I don’t know how widespread this issue is, but for Outback Steakhouse at least, I am receiving a large number of duplicate items. This happens for both GET and POST requests. For example, look at items with IDs 513fc993927da70408001a4b and 513fc9c6673c4fbc260024b3. They’re both “Classic Blue Cheese Wedge Salad (Dressing Included)” and all the fields are identical except the former is missing an item_description and an old_api_id. Interestingly, they even have identical updated_at values.
This is the case for most items at Outback Steakhouse. I haven’t checked a large selection of restaurants, but it’s concerning that this is happening for one of the first restaurants I tried.
Am I doing something wrong with my query, or are there just duplicate data in your database? If so, and I need to cull the duplicates on my end, what is the proper method of culling? Discard anything missing an item_description if there’s an item with the same name containing an item_description? Discard anything without an old_api_id? I could add these restrictions to my query so I don’t get so many results back (and so I can avoid so many hits to your database), but I’d be afraid of accidentally culling an item that doesn’t have a duplicate.
This does not appear to be a widespread issue, but we are checking into how the items were duplicated now. Thanks for reporting this! Will respond back with an update shortly.
I have found the same thing. A simple search for milk returns (example)
2 – Milk, Essential Everyday
3 – Milk, Hannaford
4 – Milk, Hood
2 – Milk, Berkeley Farms
All 1 cup servings
Grocery items may have duplicate names due to different brands having the same item. For example, the items you listed are milks from 4 different brands.
You can optionally filter the API results on the client side to show only unique names in each set of results, but when dealing with 500K different food products, there are not always distinct names possible for each item.
I found the difference was the number of servings per container. I can understand that.

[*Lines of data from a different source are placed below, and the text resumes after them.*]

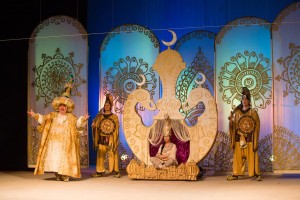 The Youth Theater will play for the hundredth time the play "Aladdin"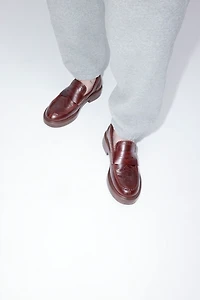 Camper Dean Twins Brogue Leather Loafer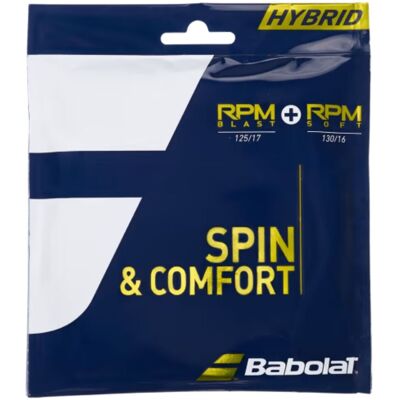 Babolat RPM Blast + RPM Soft Tennis Bespanning Zwart 1 unisex Babolat RPM Blast + RPM Soft Tennis Bespanning Zwart 1 unisex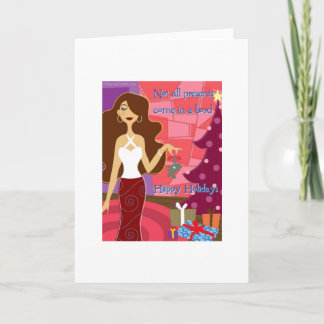 Frohe Feiertage Feiertagskarte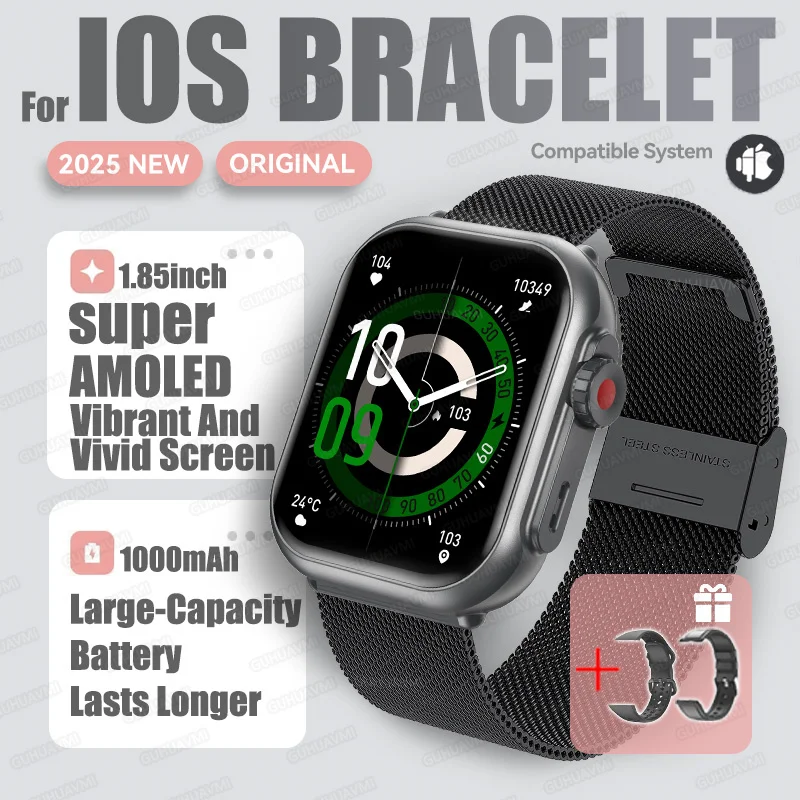 2025Nieuw Voor XIAOMI IOS Horloge Ultra2 Smart Horloges Vrouwen 1000mAh 1.85 "AMOLED Full Touch Screen BT Call Dames mode Smartwatch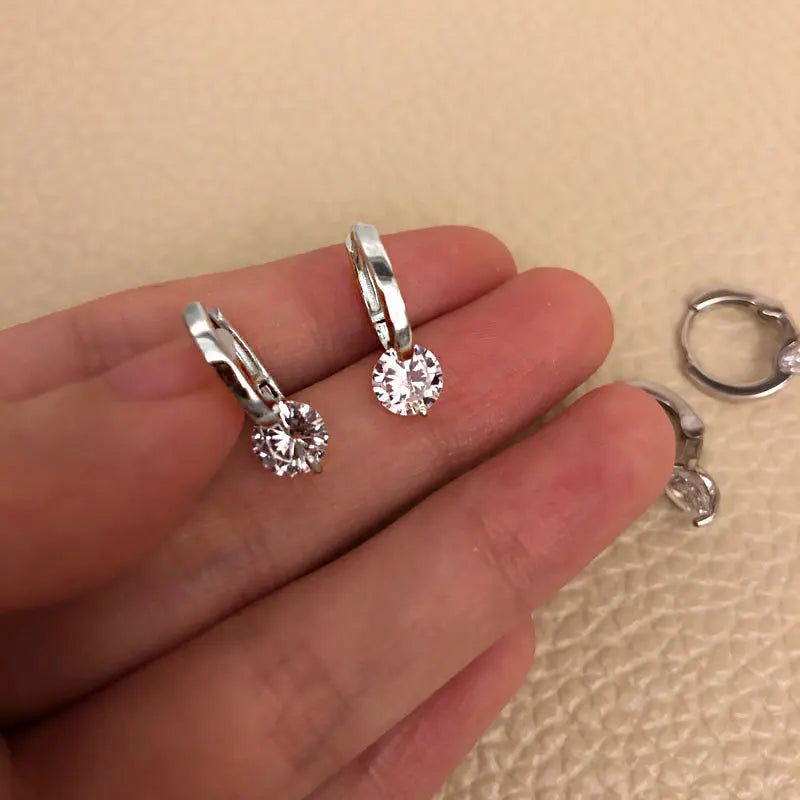 Gold Plated Zircon Studs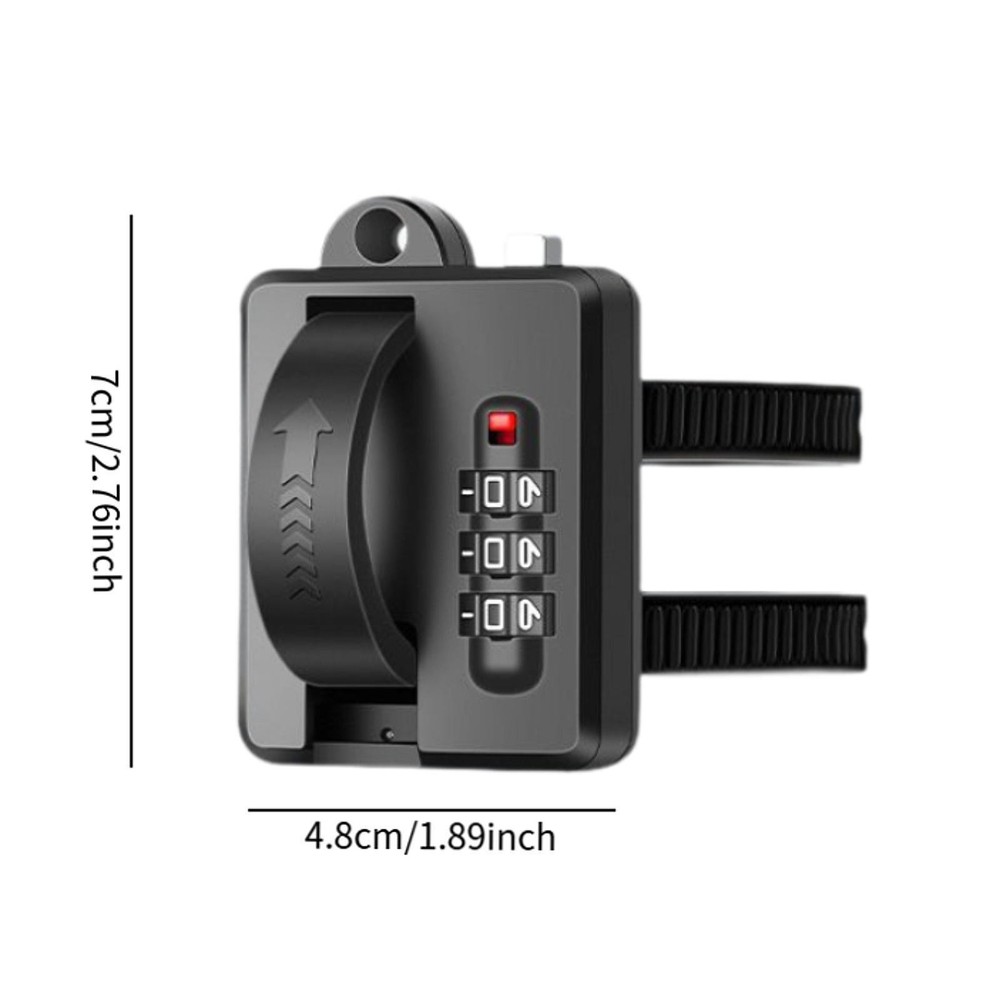 Helmet Security Lock Bicycle Helmet Lock 3 Dial Lock Combination Code Helmet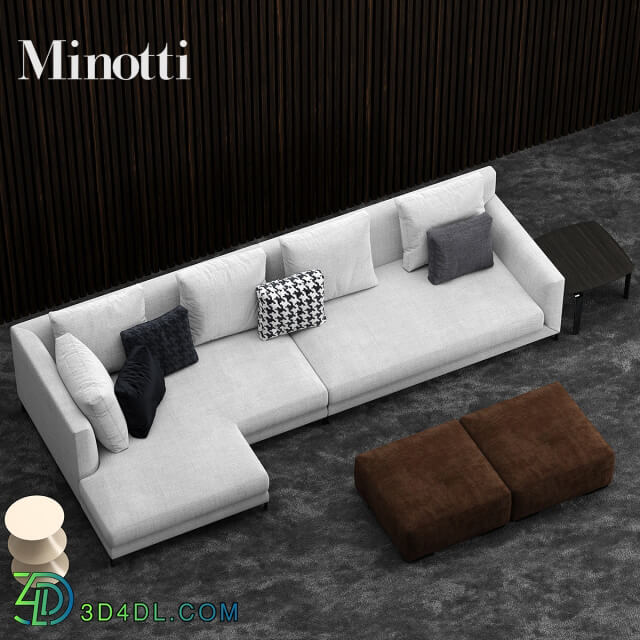 Sofa - Sofa minotti allen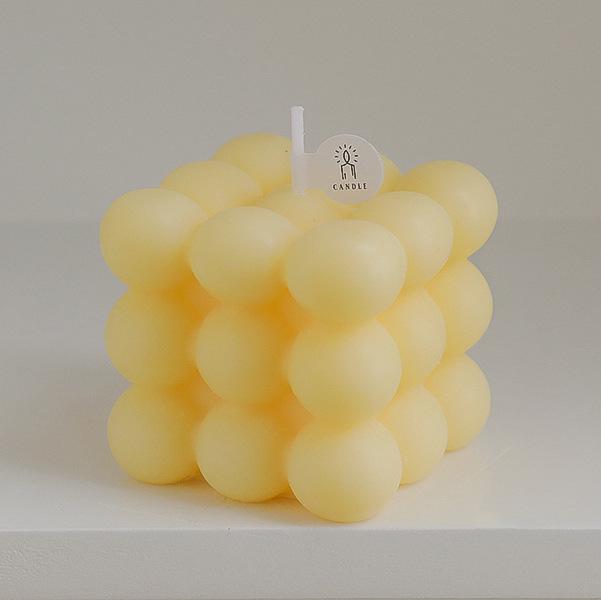 Ins Style Creative Rubik s Cube Aromatherapy Bubble Candle Ornament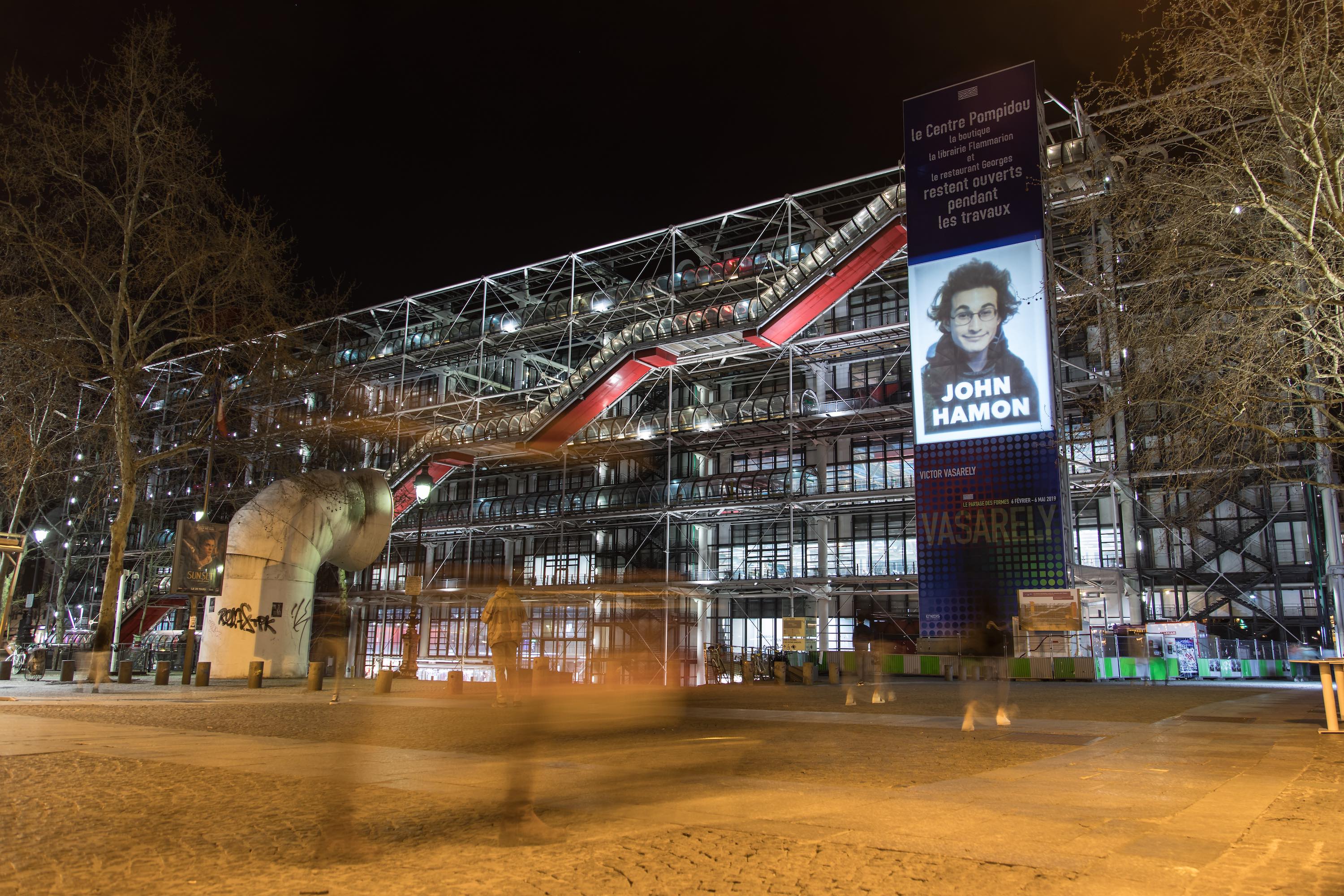 John Hamon, Centre Pompidou, Projection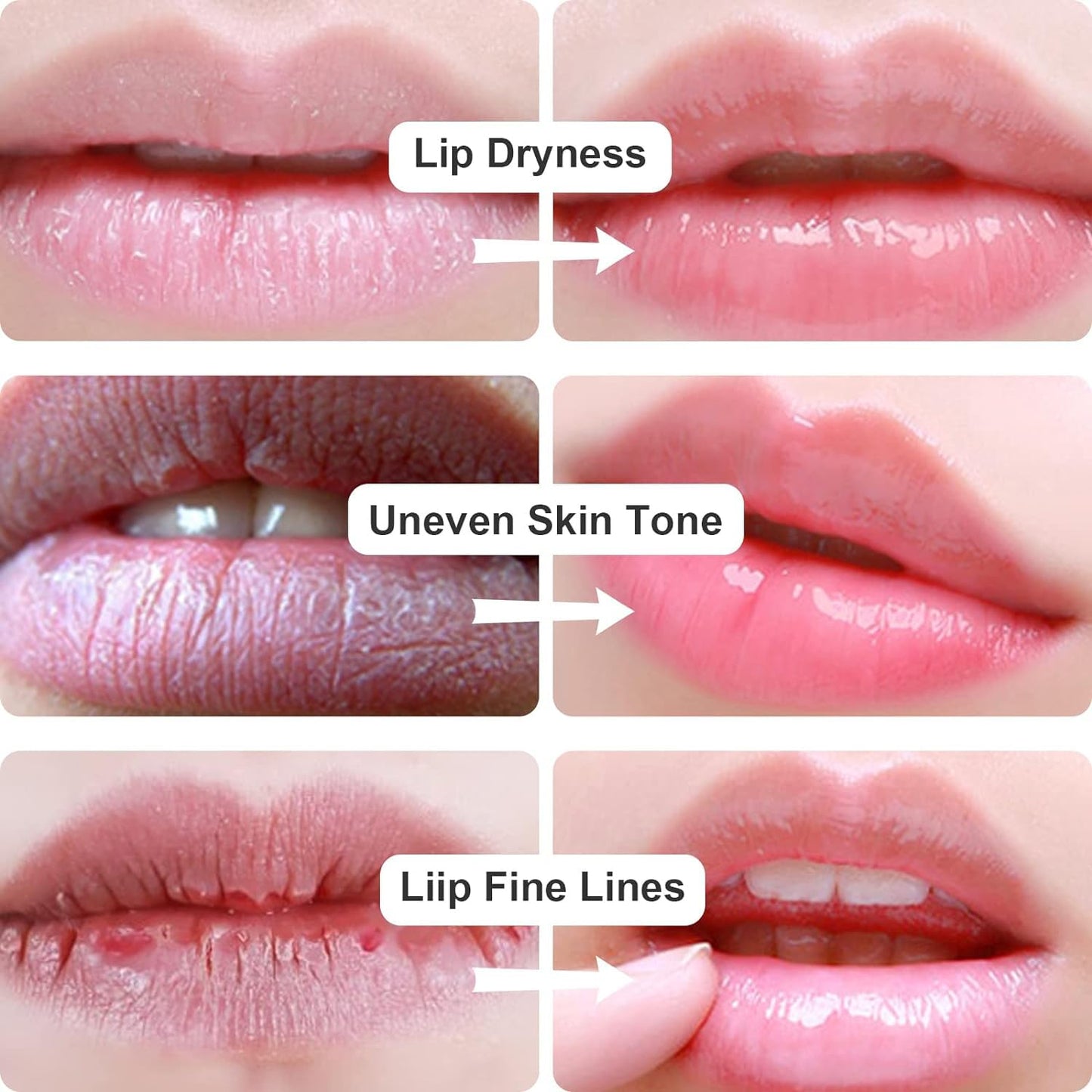 30 Pairs Lip Masks & 24K Gold Eye Masks, Crystal Collagen Eye Patches for Puffy Eyes, Gold Under Eye Mask for Puffy Eyes and Dark Circles, Treatments Under Eye Bags, Reducing Fine Lines and Wrinkles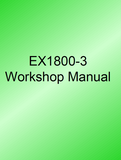 HITACHI EX1800-3 EXCAVATOR Service Repair Manual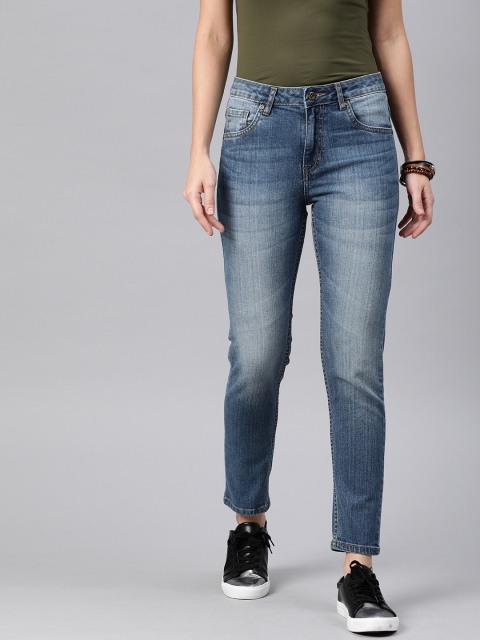 

Roadster Women Blue Skinny Fit Mid-Rise Clean Look Jeans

But the one I’m having a real question is brand_name = Quest Bar and item_name = Protein Bar, Chocolate Chip Cookie Dough. It comes back with 21 entries. Doing a SELECT DISTINCT produces 8 rows. They are all 1 bar per container but have 3 different calorie counts 170, 190 and 210. The biggest difference I found was the updated_at. BUT if I select the most current (last updated) it shows 170 calories which does not match nutrition facts on the Quest Nutrition website.
can you post the item IDs and I will investigate further. Thanks!